The sacred bite - oysters and others
The Walrus did beseech.
"A pleasant walk, a pleasant talk,
Along the briny beach:
We cannot do with more than four,
To give a hand to each."
- Lewis Carroll, The Walrus and The Carpenter
Today is National Oyster Day.
I have lately had a passion for oysters, raw and glistening on the half shell. Their brininess seems like the purest possible taste, the sea in my mouth, a gentleness against my tongue and palate that vanishes and leaves only a memory of the ocean. Yet I find them troubling, or, more accurately, I find my consumption of them troubling.
Let me say here that I eat meat (and if you read this blog then this is no surprise to you). If that offends you please stop reading now; I am not interested in converting you or being converted. I eat meat mindfully; I have been a vegetarian. I find I am healthier and happier if animal protein is part of my diet. I am grateful for the animals I have eaten and will eat. Equally, I understand that life comes from life. I must eat things that lived to live myself.

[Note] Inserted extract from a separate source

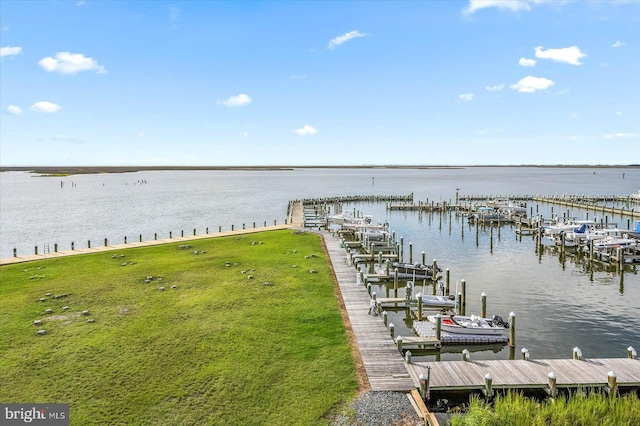 view of dock featuring a lawn and a water view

There is a thin line between eating something fresh and something still alive. We want our food to be as fresh as possible, so sometimes it gets pretty blurry. Most of the time we don’t think about it or, if we do, it’s in terms of convenience and flavor. Wilted lettuce will revive in cold water because of capillary action. Is it still alive because it draws water into itself? What about that tomato you just picked from the vine? As the juice runs down your chin, do you stop to think that a moment ago it was still pumping fluid, gestating seeds? We don’t think about this with vegetables because the line between actively alive and dead is more of a gradation.
With the higher animals we eat, the line is clear; dead is dead and tasty. Most of the time we encounter these foods that were once alive as dissected and wrapped, so we needn’t even consider their formerly alive states. Parts and cuts, filets and organs, all separate from the animal they once composed. Even if we encounter these animals as closer to whole before we eat them, if they aren’t moving they are probably dead and easily consumable.
Ah, but oysters…
It is inadvisable to eat a raw oyster that isn’t freshly shucked. To shuck an oyster you insert a knife into the closed shell of the living bivalve, sever the adductor muscle so the shells can be separated and remove the top half of the shell, leaving the oyster exposed. The shells are beautiful, the animal itself is soft, grey and immobile. Does this immobility mean it’s dead, albeit freshly killed for my convenience? I don’t know. Different authorities tell me different things. Some say the act of severing the adductor muscle and forcing the shell kills the oyster, others say it remains alive for a limited time. All suggest it doesn’t feel pain as we understand it. I hope not.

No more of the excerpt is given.